It’s been a packed week — from massive Super Mario 64 bounties to grassroots marathon debates and a flood of world records across genres. Let’s break it all down.
💰 $1,000+ on the Line in Super Mario 64
The biggest headline this week? A community-funded bounty for Super Mario 64.
Speedrunner GreenSuigi announced a $1,000 bounty (with crowdfunding support) for the first player to complete a high-difficulty 5/5 challenge. Shortly after, a HUGE bounty update raised the stakes even further.
Bounties like this are fascinating for the scene. They:
- Inject fresh energy into mature categories
- Incentivize innovation and risk-taking
- Spark community-wide lab sessions
In a 30-year-old game, the fact that new milestones can still command four-figure rewards says everything about SM64’s enduring depth.
🎉 Milestones That Took Years
Not all victories are about prize pools — some are about persistence.
One runner finally broke the 4:56.1 barrier in Super Mario Bros., achieving the legendary 4:55 after being stuck for 16 months. That’s speedrunning in a nutshell: shaving tenths over years of grind.
Meanwhile:
- Super Mario 63 – Any% hit a 6:02.687 WR after 63,000 attempts
- Jurassic Park (SNES) saw a new Any% WR at 39:44
- Double Dragon II Arcade posted a fresh WR
- A runner celebrated a GTA III Any% (No Major Glitches) PB at 1:40:20 in Grand Theft Auto III
And in karting history, Logan now needs just one more track to have held record on all 30 tracks in Mario Kart World since launch — an absurd consistency milestone.

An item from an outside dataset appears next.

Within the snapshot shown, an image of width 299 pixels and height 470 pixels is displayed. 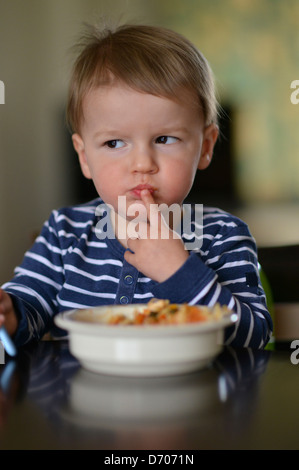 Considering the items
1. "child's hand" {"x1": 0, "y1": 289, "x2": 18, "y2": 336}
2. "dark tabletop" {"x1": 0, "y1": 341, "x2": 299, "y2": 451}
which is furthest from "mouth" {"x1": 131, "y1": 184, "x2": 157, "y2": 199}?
"dark tabletop" {"x1": 0, "y1": 341, "x2": 299, "y2": 451}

🧠 What Makes a “Good” Speedgame?
One discussion thread sparked deeper reflection:
What actually makes a good speedgame?
Some standout ideas:
- Multiple learning paths (visual vs. audio cues)
- A balance between optimization and grindability
- Enough unoptimized space for discovery
- Enough refinement to reward mastery
It’s a great reminder that a good speedgame isn’t just about tech — it’s about accessibility, depth, and sustainability.
A related post asked: What strategies are known outside the speedrunner community?
It’s an interesting cultural question. Tricks like backward long jumps in SM64 have gone mainstream, but most high-level routing still lives deep inside Discord servers and lab streams.
🎥 ESA Silence? Community Reflection
Several posts questioned the near-total lack of discussion around ESA’s recent winter event.
European Speedrunner Assembly traditionally draws strong European support, but compared to events like Games Done Quick, subreddit visibility was minimal.
Theories ranged from:
- Lingering controversy
- Event size differences
- Organic community drift
Interestingly, ESA 2026 marathon recommendations also popped up, suggesting interest is still there — just less centralized.
🛠 Tools, Resources & Getting Started
Not everything this week was records and debate — there was also serious community building.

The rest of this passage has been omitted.